### Exercise directions
Exactly as written, transcribe each record below.

[Stored records]
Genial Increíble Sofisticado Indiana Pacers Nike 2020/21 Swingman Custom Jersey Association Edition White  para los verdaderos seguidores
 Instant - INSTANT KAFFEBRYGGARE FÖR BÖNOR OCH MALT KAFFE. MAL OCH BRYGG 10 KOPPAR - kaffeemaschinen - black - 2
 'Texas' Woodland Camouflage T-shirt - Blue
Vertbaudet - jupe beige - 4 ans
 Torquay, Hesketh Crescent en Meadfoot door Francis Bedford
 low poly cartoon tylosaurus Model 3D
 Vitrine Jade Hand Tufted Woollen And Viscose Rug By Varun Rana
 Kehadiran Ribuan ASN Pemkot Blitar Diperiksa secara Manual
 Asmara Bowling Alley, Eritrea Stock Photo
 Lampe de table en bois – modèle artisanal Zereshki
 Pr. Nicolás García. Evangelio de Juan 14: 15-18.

### Written reply
Genial Increíble Sofisticado Indiana Pacers Nike 2020/21 Swingman Custom Jersey Association Edition White  para los verdaderos seguidores
 Instant - INSTANT KAFFEBRYGGARE FÖR BÖNOR OCH MALT KAFFE. MAL OCH BRYGG 10 KOPPAR - kaffeemaschinen - black - 2
 'Texas' Woodland Camouflage T-shirt - Blue
Vertbaudet - jupe beige - 4 ans
 Torquay, Hesketh Crescent en Meadfoot door Francis Bedford
 low poly cartoon tylosaurus Model 3D
 Vitrine Jade Hand Tufted Woollen And Viscose Rug By Varun Rana
 Kehadiran Ribuan ASN Pemkot Blitar Diperiksa secara Manual
 Asmara Bowling Alley, Eritrea Stock Photo
 Lampe de table en bois – modèle artisanal Zereshki
 Pr. Nicolás García. Evangelio de Juan 14: 15-18.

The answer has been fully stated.